The protest was expressed in an open letter addressed to the Prime Minister Victor Ponta and to the Minister of Development Liviu Dragnea and signed by (among others) directors Lucian Pintilie, Cristi Puiu, Călin Netzer, Corneliu Porumboiu, Radu Muntean, Radu Jude, and producers Ada Solomon and Tudor Giurgiu.
In an apparent reply to the protest in a declaration quoted by the Romanian press agency Mediafax the prime minister Victor Ponta said that the funding for production of Romanian films administrated by the National Centre for Cinema will remain the same. He also said that the decentralization of the administration of cinemas will go on with the exception of some four or five cinemas which will be kept by the state in order to host domestic openings.
The budget of the Film Fund, which is financing film production, decreased from 9m EUR/40m RON in 2007 to 5.6m EUR/ 25m RON in 2012. The Film Fund is administrated by the National Centre for Cinema, and is not supported by the state budget, but from a variety of commercial sources including advertising revenues and film sales.

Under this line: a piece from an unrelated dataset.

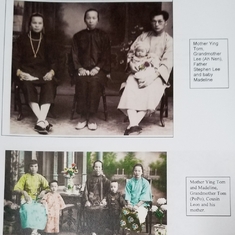 Top: Mother Ying Tom, Grandmother Lee, Infant Madeline and Father Stephen Lee. Bottom: Mother, Madeline, Grandmother Tom, Cousin Leon and his mother in China.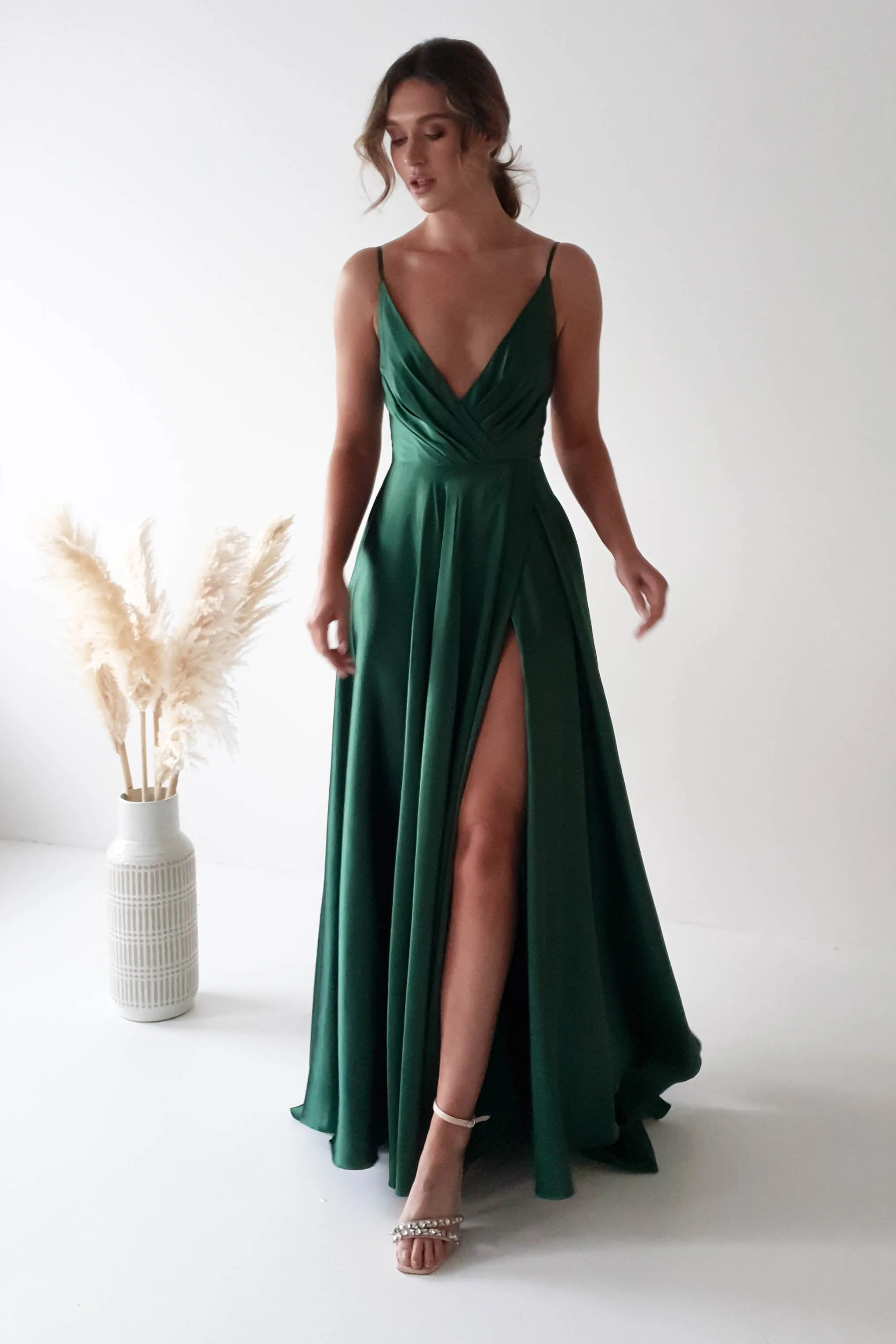 Velia Satin Maxi Gown | Emerald Green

Filmmakers also disagree with the proposal to move art house cinemas administrated by RADEF România Film to the jurisdiction of local councils. The filmmakers stated that in 2008, RADEF România Film handed 107 cinema theatres to local councils and only three of them are still used as cinema theatres, despite the legal requirement that they be used as cinemas for 15 years.
Filmmakers are suggesting that the Ministry of Culture and National Heritage should take control of 26 cinema theatres from RADEF and manage them as a network of theatres able to screen Romanian and European films, given the fact that multiplexes refuse to show domestic films.
RADEF Romania Film, which inherited the former pre-1990 state cinema network, currently operates 32 screens in 21 towns.